Would you output the entries below only from the line containing "live-edge-wood-slab-headboard-with-platform-base" through the line containing "Just A Girl", exactly as they stand and with both ends included?

BEGIN Input

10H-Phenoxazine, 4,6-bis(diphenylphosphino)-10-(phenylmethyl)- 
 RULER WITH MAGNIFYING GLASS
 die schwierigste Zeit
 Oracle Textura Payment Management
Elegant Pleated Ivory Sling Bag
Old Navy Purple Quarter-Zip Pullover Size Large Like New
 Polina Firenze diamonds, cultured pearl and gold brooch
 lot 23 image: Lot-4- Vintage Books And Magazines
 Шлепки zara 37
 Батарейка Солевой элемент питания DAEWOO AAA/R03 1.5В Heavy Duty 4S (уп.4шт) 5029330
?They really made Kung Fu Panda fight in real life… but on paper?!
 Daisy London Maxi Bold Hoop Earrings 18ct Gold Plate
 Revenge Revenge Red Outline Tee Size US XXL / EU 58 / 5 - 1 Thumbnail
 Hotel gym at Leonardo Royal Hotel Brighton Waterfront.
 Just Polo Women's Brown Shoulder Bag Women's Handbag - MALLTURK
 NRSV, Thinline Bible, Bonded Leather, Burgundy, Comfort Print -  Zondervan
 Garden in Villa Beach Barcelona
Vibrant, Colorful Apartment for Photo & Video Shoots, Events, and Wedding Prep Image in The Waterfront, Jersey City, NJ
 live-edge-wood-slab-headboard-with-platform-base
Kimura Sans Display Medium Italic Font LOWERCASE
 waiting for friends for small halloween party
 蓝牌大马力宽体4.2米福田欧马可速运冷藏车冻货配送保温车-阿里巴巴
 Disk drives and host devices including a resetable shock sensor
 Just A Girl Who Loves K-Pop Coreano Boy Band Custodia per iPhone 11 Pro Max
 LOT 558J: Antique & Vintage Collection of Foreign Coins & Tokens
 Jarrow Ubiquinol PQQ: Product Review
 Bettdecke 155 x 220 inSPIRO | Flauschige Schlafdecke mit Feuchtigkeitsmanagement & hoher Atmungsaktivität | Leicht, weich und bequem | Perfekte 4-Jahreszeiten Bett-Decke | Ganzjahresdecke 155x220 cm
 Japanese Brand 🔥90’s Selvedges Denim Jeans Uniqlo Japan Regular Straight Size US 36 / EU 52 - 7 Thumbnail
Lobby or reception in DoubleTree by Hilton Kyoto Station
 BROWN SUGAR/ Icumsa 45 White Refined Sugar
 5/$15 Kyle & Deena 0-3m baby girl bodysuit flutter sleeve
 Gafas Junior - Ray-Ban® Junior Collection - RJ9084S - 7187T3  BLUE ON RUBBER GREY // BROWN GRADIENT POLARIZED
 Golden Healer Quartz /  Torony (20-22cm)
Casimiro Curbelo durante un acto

END Input

* _Task response_:
 live-edge-wood-slab-headboard-with-platform-base
Kimura Sans Display Medium Italic Font LOWERCASE
 waiting for friends for small halloween party
 蓝牌大马力宽体4.2米福田欧马可速运冷藏车冻货配送保温车-阿里巴巴
 Disk drives and host devices including a resetable shock sensor
 Just A Girl Who Loves K-Pop Coreano Boy Band Custodia per iPhone 11 Pro Max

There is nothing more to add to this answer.